In mostra le opere di O'Tama Kiyohara a Palazzo Reale
di Redazione

Palermo – Vincenzo Ragusa e O’Tama Kiyohara, lui scultore, lei pittrice. Interpreti di un sosalizio umano e artistico narrato in “Migrazione di stili”, mostra visitabile fino al 6 aprile al Palazzo Reale di Palermo, organizzata dalla Fondazione Federico II.
In esposizione 101 opere tra manufatti, cartoni e tessuti, alcune pregiate cartelle similpelle e 46 acquerelli di grande delicatezza cromatica. O’Tama visse a Palermo 51 anni.
La Fondazione ha ricostruito idealmente un complesso percorso iniziato nel 1882 quando l’artista, prima orientale a giungere in Europa, arrivò da Tokio con lo scultore palermitano Vincenzo Ragusa. Nella Palermo di fine Ottocento O’Tama Kiyohara è stata pioniera di un percorso artistico, culturale e didattico votato al progresso e all’innovazione.
L’esposizione – che conta 101 opere – ha il merito di aver riunito finalmente i frammenti di quel lungimirante progetto, grazie al faticoso restauro di 46 acquerelli ikebana e botanici, 6 cartoni (kinkawa-gami) e 18 tessuti, sostenuto dalla Fondazione col Centro Regionale per il Restauro e il Corso di laurea in restauro dei Beni Culturali dell’Università di Palermo. In mostra anche 9 ceramiche, 14 bronzi, 2 ventagli e soprattutto il prezioso kimono dipinto a mano e ricamato con seta policroma e filo d’oro, che è stato collocato all’interno di una teca dedicata in Sala dei Vicerè.
Non un’opera di O’Tama: fu suo marito, Vincenzo Ragusa, ad acquistarlo in Giappone per la sua collezione. Oggi torna a Palermo dopo oltre un secolo grazie al prestito concesso alla Fondazione Federico II dal “Museo delle Civiltà – Museo preistorico etnografico Luigi Pigorini”.Questo kosode è tipico dello “stile della corte imperiale” (goshodoki) ed era utilizzato per i kimono indossati dalle donne di alto rango della classe samurai.
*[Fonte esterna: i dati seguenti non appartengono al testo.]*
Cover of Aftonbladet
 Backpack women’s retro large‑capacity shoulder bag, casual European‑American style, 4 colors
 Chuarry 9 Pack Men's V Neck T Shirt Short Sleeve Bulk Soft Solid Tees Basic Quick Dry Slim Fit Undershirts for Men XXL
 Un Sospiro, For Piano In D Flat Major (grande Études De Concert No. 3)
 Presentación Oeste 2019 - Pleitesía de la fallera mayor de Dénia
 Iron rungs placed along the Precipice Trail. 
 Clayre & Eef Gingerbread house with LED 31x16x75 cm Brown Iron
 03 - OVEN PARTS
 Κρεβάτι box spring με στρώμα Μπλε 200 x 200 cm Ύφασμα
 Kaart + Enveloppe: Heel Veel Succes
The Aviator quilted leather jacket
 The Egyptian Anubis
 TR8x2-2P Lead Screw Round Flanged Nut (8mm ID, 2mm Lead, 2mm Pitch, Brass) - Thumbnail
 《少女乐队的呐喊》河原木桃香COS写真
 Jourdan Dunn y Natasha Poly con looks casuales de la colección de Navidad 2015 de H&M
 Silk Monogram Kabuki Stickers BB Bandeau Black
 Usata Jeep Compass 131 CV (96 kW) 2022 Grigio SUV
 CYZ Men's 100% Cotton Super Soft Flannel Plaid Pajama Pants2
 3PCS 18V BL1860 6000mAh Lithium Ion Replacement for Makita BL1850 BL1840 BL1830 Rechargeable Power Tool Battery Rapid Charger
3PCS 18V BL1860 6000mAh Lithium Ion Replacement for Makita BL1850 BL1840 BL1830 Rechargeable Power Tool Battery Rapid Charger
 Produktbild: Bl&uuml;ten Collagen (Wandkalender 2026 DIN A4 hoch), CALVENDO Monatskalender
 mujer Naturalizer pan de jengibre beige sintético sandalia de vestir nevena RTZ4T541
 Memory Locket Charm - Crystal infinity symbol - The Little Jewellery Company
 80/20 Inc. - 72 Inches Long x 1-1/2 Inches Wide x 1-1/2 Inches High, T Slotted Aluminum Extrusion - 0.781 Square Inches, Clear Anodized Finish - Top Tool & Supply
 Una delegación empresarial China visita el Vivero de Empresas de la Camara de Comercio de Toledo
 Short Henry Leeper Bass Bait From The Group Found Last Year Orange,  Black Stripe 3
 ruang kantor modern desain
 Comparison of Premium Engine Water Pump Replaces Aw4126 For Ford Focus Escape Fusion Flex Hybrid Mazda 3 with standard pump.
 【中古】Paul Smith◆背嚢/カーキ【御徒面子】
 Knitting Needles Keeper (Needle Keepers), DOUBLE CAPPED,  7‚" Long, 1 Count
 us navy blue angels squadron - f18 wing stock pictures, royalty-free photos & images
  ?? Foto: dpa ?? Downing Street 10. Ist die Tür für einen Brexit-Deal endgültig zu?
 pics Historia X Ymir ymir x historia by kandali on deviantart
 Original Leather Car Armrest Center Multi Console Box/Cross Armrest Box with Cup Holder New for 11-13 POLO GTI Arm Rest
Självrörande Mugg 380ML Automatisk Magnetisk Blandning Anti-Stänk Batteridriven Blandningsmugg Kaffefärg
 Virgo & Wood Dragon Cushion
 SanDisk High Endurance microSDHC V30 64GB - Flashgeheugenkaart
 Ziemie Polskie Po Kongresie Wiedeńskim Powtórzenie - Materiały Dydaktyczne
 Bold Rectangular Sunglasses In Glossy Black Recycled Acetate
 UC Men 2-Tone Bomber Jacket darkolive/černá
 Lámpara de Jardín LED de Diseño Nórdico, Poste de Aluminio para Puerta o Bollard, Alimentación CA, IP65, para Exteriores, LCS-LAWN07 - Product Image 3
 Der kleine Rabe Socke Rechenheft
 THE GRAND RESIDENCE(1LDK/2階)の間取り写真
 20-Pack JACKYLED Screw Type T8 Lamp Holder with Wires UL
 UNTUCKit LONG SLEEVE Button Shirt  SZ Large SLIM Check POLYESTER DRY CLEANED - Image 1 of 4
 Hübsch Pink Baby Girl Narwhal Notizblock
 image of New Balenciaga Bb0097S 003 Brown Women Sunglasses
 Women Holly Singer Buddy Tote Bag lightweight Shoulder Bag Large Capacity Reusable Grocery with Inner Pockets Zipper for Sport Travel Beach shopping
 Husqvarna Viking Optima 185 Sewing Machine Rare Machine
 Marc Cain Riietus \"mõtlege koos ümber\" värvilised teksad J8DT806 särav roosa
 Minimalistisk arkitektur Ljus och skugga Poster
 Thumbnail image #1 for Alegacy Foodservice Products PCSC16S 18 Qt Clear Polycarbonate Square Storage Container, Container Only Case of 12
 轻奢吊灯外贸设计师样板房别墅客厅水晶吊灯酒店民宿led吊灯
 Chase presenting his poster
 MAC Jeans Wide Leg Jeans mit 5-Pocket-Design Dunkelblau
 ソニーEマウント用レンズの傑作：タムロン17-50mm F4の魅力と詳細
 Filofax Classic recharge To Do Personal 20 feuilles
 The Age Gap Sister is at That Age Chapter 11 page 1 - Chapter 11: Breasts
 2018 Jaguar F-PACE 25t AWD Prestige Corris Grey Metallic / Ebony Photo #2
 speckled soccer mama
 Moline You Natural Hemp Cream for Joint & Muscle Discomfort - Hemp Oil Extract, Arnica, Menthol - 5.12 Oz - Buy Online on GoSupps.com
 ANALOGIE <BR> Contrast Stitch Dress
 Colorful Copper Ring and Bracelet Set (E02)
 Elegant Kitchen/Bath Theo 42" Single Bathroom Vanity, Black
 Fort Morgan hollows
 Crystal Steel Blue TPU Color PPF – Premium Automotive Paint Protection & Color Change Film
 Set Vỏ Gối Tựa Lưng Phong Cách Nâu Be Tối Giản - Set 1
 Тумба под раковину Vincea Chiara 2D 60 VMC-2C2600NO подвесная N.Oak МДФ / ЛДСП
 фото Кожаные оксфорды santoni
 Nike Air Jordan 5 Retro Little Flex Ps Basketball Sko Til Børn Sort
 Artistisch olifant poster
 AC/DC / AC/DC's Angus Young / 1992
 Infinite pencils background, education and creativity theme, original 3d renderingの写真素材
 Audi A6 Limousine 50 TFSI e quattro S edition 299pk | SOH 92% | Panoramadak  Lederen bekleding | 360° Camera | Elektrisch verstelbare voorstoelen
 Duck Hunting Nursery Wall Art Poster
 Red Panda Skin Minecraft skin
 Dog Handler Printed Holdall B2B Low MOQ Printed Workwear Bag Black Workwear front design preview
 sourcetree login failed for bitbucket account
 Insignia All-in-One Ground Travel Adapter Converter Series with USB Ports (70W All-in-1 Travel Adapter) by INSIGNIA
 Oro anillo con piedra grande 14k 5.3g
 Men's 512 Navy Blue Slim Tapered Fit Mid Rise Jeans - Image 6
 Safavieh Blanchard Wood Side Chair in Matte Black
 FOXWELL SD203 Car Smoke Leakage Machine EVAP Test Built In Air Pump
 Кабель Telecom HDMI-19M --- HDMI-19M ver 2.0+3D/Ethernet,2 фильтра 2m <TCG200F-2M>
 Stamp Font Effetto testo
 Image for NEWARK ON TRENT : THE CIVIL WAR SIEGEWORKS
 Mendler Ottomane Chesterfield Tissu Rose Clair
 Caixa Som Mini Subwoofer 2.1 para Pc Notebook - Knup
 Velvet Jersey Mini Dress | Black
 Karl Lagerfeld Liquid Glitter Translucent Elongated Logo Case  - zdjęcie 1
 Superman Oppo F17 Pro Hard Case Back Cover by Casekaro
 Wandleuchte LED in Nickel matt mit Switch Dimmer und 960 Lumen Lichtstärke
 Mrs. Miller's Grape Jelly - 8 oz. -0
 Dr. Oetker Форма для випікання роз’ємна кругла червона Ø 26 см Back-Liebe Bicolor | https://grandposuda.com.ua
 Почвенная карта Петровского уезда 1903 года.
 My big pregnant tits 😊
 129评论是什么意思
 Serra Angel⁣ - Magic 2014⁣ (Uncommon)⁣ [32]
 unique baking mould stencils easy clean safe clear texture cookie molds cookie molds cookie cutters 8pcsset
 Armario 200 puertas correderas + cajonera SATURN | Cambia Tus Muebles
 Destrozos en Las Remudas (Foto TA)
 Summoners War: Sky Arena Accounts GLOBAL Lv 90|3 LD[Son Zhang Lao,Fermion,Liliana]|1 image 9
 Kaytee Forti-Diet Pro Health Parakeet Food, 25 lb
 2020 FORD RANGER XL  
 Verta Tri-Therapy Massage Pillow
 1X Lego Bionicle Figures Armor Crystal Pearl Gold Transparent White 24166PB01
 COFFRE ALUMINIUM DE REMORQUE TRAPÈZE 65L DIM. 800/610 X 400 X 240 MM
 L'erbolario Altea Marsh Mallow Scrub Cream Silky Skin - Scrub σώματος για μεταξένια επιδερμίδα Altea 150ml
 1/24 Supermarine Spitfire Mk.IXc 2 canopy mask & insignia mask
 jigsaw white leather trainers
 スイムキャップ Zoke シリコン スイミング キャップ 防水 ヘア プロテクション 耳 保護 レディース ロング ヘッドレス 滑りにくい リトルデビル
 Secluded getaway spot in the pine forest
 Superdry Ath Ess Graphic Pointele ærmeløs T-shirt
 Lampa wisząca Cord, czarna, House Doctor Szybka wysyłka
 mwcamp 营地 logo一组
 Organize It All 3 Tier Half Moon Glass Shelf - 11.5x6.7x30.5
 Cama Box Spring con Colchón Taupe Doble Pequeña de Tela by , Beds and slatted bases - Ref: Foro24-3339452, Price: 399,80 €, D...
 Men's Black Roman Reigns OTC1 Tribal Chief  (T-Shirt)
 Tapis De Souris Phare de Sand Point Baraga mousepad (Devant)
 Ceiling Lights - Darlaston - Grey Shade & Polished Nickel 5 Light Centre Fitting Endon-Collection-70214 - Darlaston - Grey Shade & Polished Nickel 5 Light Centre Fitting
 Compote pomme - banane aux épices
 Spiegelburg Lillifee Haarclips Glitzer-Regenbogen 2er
Vincenzo Ragusa annota nel suo inventario: “Veste per gran dama, sposa di qualche generale”.
O’Tama Kiyohara visse a Palermo fino al 1933: portò un livello di innovazione tale da riuscire ad abbattere le resistenze di uno statico sistema artistico. L’arte orientale, fino ad allora considerata una minaccia per l’arte ufficiale, contaminò e arricchì l’espressione artistica italiana. Al contempo, l’arte giapponese, che faceva a meno dell’ombra e della prospettiva a vantaggio delle composizioni decorative, viene contaminata dalla luce della Sicilia.
Parte delle opere sono state finora custodite amorevolmente dal Liceo Artistico Ragusa Kiyohara di Palermo, che ha collaborato sin dal primo passo alla realizzazione della mostra e oggi rappresenta anello di congiunzione tra passato e presente. Una storia che parte da molto lontano, quando nel 1883 nella casa dello scultore in via Scinà inaugurò il Museo d’Arte Giapponese con undici sale espositive che ospitavano la collezione dei manufatti provenienti dal Giappone. Il Museo diventò anche Scuola-Officina e O’Tama fu nominata vice preside e direttrice della sezione femminile.
È solo nel 1884 che la “casa-museo-officina”si trasformò in Museo Artistico Industriale Scuole Officine e infine nel 1887 divenne Scuola d’Arte applicata all’Industria. Un riconoscimento che, tuttavia, rappresentò la fine del sogno di Ragusa: il Regio Decreto, sotto invito delle autorità locali, abolì i corsi giapponesi e la chiusura del Museo. Il gusto autentico italiano era messo a rischio dall’impianto orientale della scuola.